Prompt:
Exact duplicates of the lines from the top of the data through the line containing "Bastone da passeggio" are needed, with every picture left out.

Supplied information:
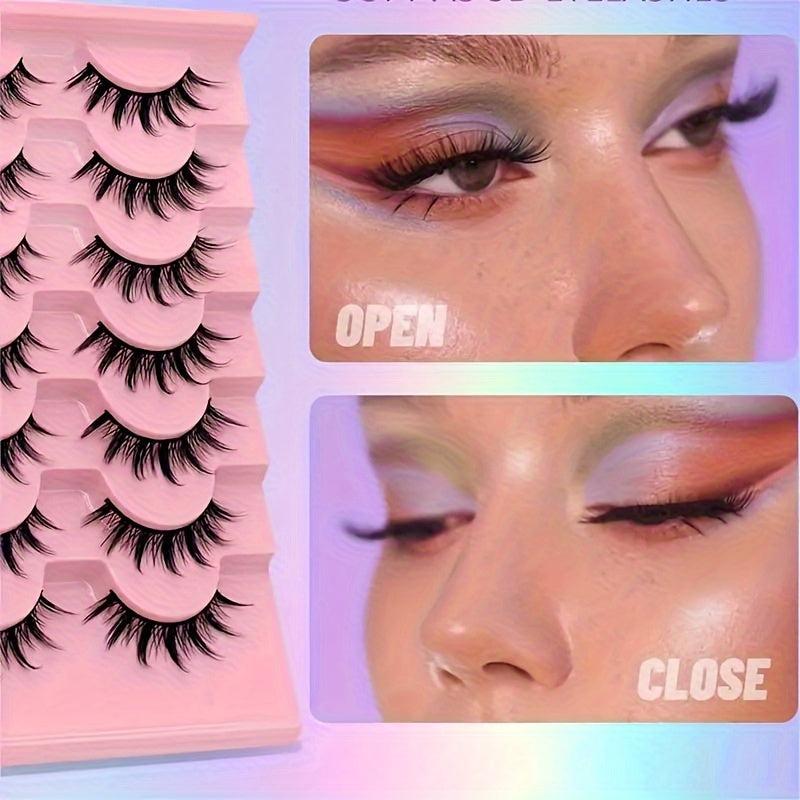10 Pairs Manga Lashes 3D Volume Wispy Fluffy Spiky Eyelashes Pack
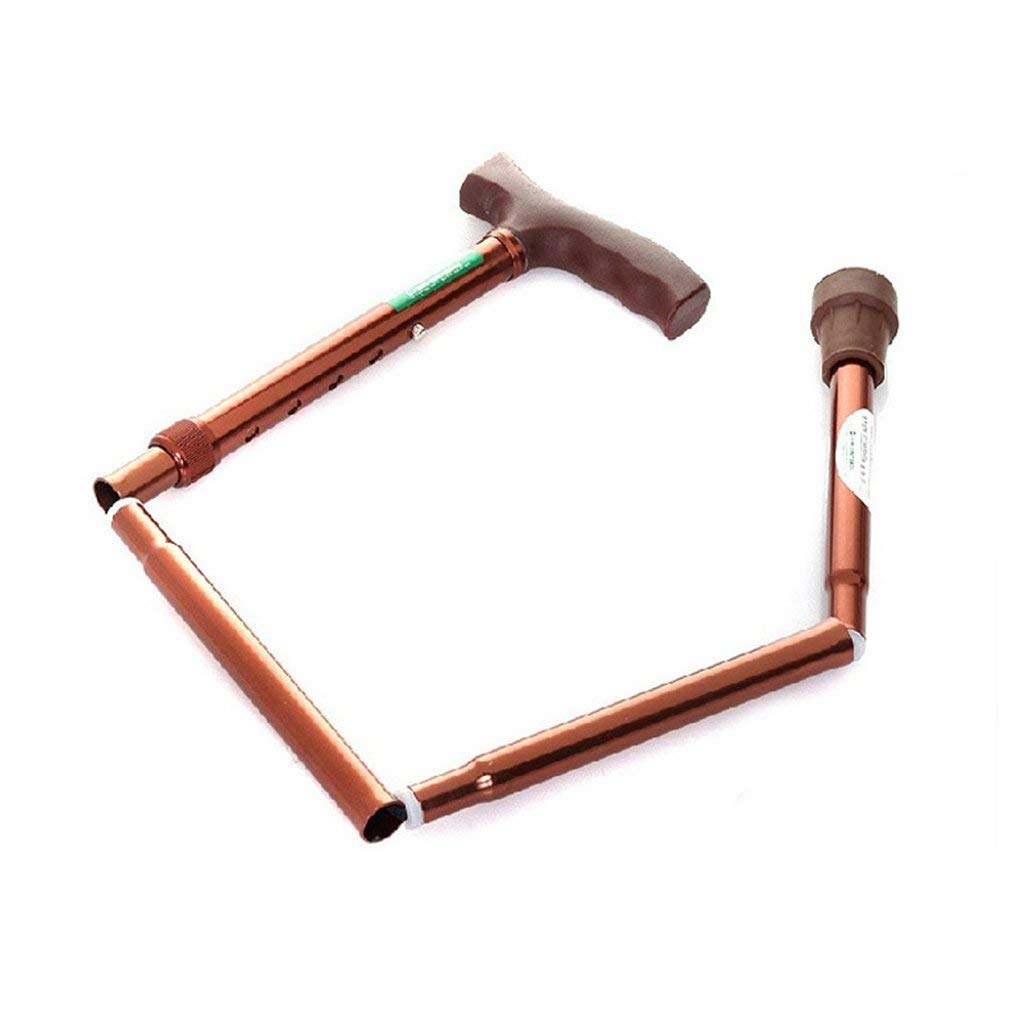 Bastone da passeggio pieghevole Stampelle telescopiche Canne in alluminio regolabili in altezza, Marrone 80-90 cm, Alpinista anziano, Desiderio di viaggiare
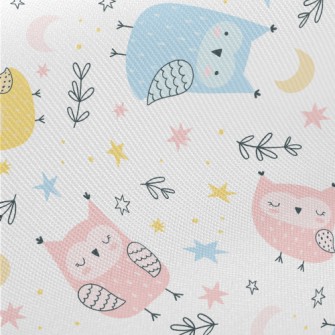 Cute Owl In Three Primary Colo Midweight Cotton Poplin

Written response:
10 Pairs Manga Lashes 3D Volume Wispy Fluffy Spiky Eyelashes Pack
 Bastone da passeggio pieghevole Stampelle telescopiche Canne in alluminio regolabili in altezza, Marrone 80-90 cm, Alpinista anziano, Desiderio di viaggiare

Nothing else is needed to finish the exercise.